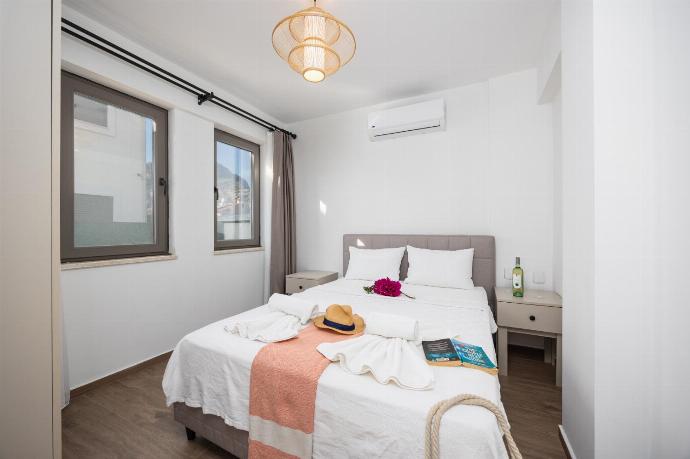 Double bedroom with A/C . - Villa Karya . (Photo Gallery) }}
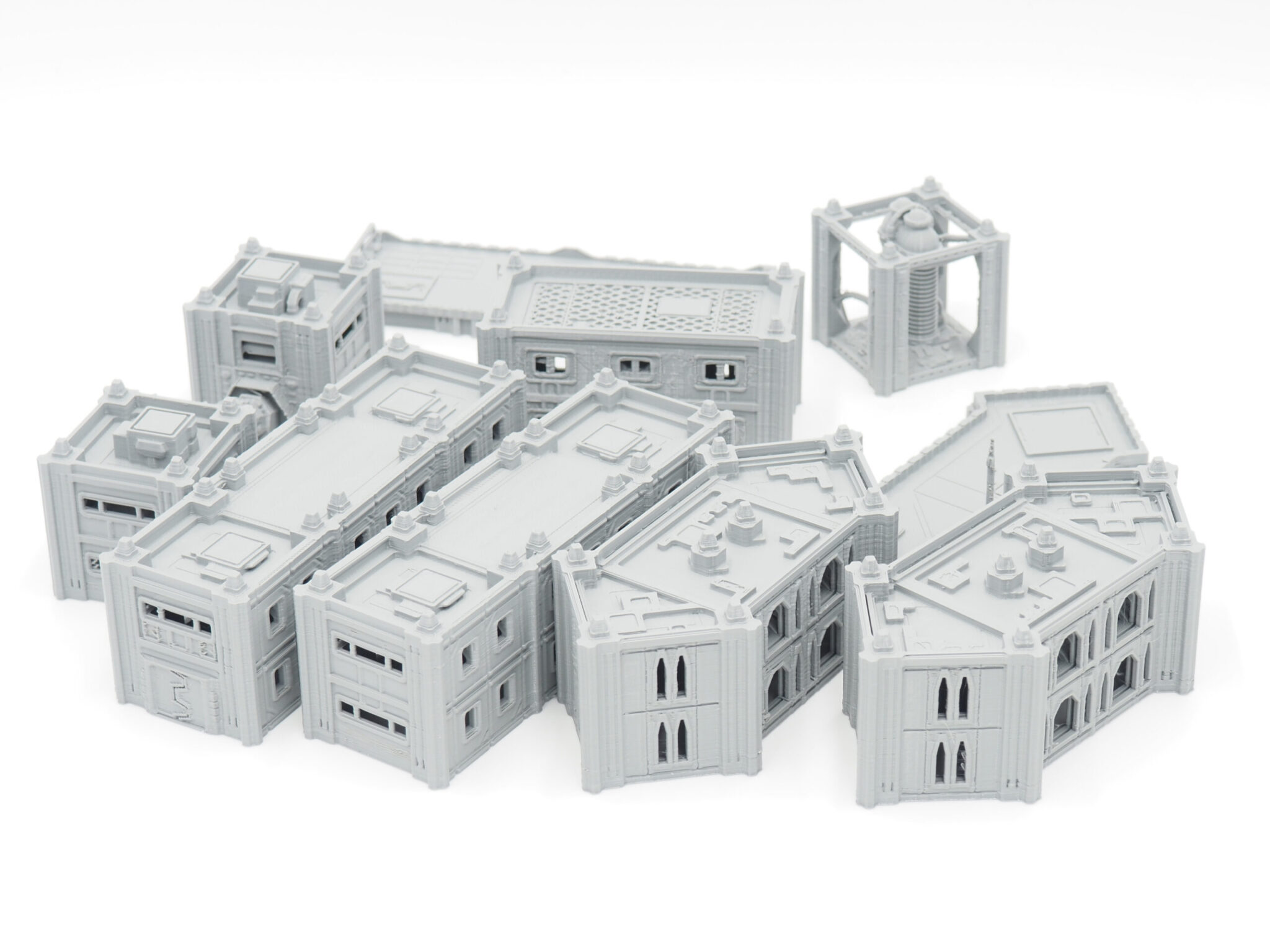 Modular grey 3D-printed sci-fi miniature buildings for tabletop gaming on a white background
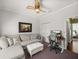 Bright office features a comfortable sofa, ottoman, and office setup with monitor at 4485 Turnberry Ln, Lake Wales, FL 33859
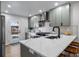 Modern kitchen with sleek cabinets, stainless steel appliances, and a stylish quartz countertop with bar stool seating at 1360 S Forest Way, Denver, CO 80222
--
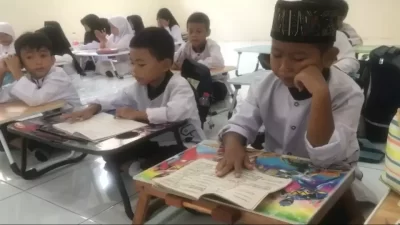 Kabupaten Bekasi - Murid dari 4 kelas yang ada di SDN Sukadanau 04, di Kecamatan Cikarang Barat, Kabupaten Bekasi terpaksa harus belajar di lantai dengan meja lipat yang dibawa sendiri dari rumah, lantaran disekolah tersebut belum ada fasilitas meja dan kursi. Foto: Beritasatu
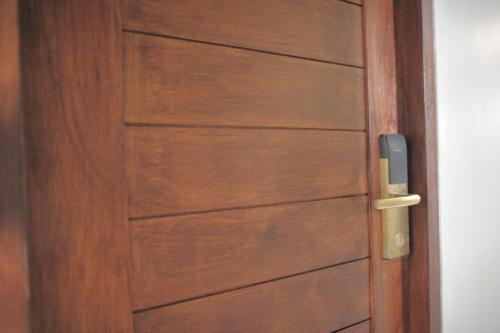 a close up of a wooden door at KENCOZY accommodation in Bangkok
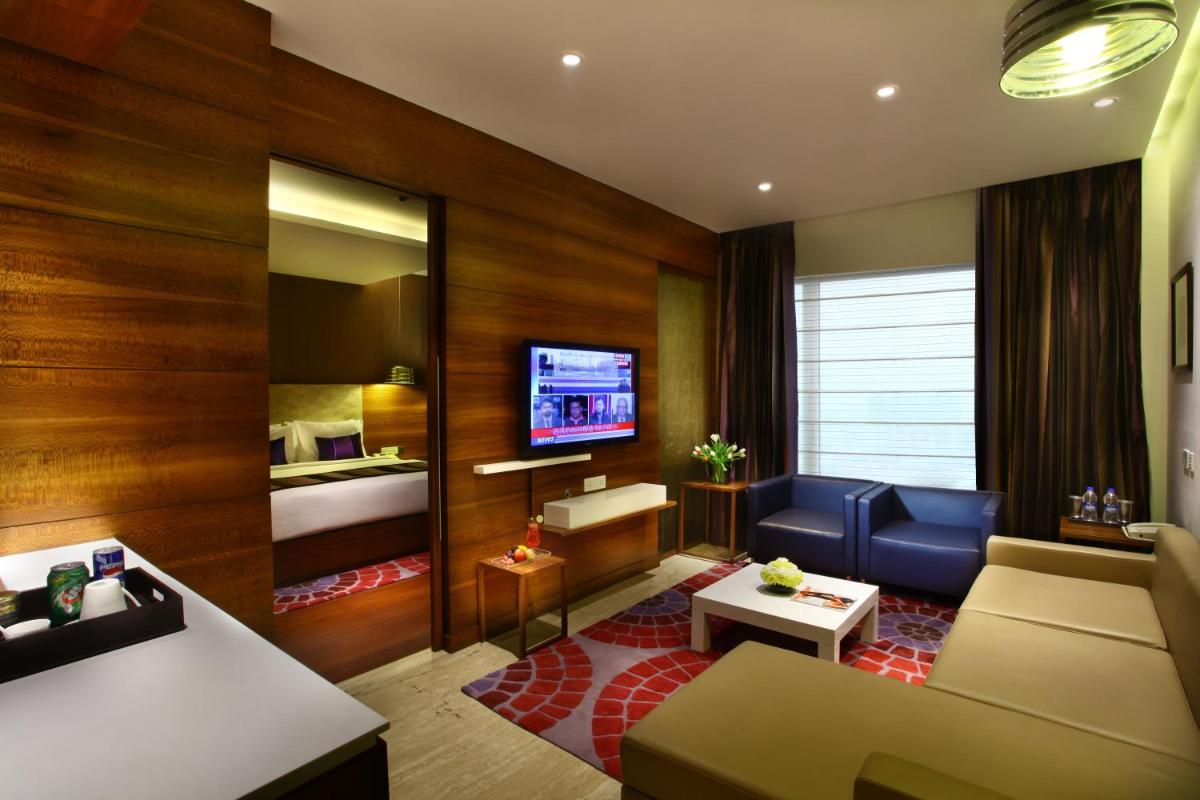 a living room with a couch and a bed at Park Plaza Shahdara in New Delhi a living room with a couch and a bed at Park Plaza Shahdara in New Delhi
--
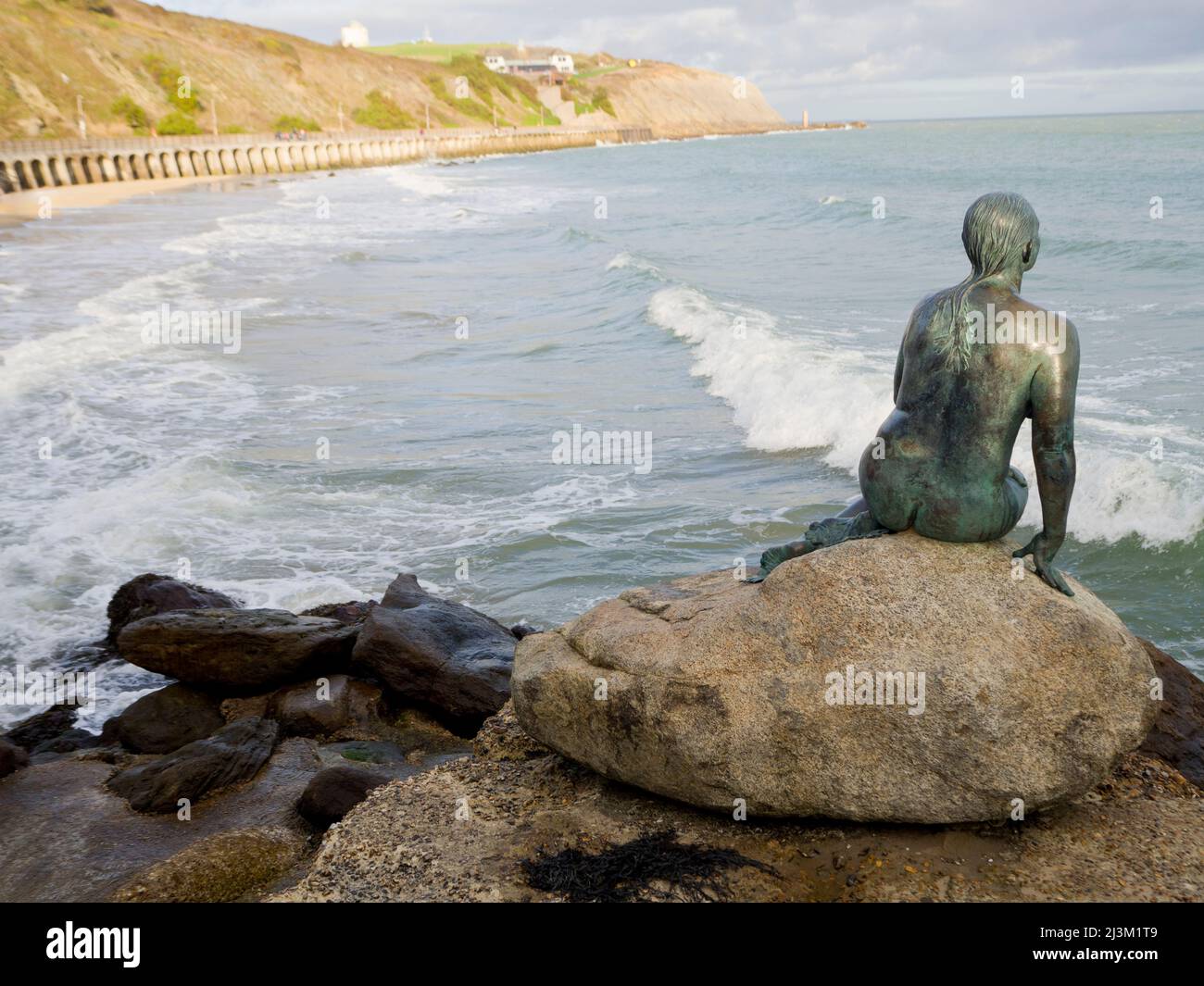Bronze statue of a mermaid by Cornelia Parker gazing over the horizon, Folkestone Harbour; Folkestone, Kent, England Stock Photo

ABOUT THIS EXERCISE: Start at the line above containing "Double bedroom with" and stop at the line containing "Bright office features": print those lines and everything between them exactly, but not the pictures.

SOLUTION FOR THIS TASK:
 Double bedroom with A/C . - Villa Karya . (Photo Gallery) }}
 Modular grey 3D-printed sci-fi miniature buildings for tabletop gaming on a white background
 Bright office features a comfortable sofa, ottoman, and office setup with monitor at 4485 Turnberry Ln, Lake Wales, FL 33859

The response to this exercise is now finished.